Many educators consider it important for forming a PLN (Personal Learning Network). To create a Twitter account: go to https://twitter.com
Before you begin the sign-up process, here are some things to consider:
Twitter will ask users to provide different kinds of information; most of the information that is asked for is optional, we suggest bypassing anything that’s not required. It will ask for a phone number, look closely for the “skip” link below the button, if you do not want to include your phone number.
Twitter will suggest a username based on whatever you entered in the first step, you can use any of the suggestions or create your own. Your Twitter username can be up to a maximum of 15 characters. You may use your own name (if it is not already taken) or you may chose a version of it or some other name without any personal identifies, there is no hard and fast rule for choosing a username.
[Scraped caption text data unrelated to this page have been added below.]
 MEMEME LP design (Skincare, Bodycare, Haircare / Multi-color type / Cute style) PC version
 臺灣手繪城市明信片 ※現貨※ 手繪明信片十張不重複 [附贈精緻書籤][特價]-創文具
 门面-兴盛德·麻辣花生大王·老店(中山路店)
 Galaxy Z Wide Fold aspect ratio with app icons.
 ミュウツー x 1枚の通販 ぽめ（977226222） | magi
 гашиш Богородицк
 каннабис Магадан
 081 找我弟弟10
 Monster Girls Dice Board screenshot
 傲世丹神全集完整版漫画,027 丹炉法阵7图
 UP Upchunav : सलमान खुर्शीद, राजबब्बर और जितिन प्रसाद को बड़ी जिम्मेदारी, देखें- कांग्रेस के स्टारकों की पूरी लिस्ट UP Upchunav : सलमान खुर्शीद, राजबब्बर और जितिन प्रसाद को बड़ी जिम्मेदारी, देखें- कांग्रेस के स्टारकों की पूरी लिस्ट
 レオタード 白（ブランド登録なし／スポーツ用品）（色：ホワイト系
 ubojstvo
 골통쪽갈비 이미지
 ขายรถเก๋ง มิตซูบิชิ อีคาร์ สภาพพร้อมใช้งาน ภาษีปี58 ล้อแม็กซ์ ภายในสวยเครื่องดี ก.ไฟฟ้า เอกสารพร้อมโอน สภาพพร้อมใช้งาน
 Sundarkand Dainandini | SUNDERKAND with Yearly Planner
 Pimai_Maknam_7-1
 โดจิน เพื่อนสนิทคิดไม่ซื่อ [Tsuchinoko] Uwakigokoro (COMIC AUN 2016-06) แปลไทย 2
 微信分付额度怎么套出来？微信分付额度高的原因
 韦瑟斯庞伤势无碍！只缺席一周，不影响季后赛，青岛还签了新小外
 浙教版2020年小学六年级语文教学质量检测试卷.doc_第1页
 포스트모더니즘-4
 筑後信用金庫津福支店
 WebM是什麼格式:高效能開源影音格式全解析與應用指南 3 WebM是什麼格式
One of the questions during the sign up process is about interests. We suggest just skipping this by clicking “Continue” without selecting any of the interests. Twitter keeps wanting more information, like your contact list. Skip as much as possible by clicking “No Thanks”.
Next it will suggest people to “follow,” mostly celebrities, athletes, or politicians. If you leave them all checked, all of their tweets will show up in your timeline. By default, Select All is chosen. Click the checkbox so they are all unchecked.
Once you are finished with the sign-up process you will be ready to answer that philosophical question, “What will be my first tweet?”
Make it a good one, something maybe more profound than “My first tweet.” But here is the first lesson – hashtags – these are the ways your message can be grouped with others of the same interest or theme.
So we suggest you say something about Twitter, or this project, or whatever you want, BUT include #oextend (hashtag) in your message. Trust us. This generates an easy way to see all other tweets that have used the same tag. A tweet is only 140 characters so you have to be concise.
So what happens after you tweet?
Nobody knows you are here.
There is a chance that someone else who is part of #oextend will see your first tweet and reply. But don’t count on it.
The first days on Twitter are a time to build up your network by following other people, reading tweets, replying if appropriate, seeing who others follow and converse with. When you follow someone all of their tweets show up on your twitter home screen. Start by visiting the profile of the account for our project @OntarioExtend and click the orange Follow button; this way you will see our announcements.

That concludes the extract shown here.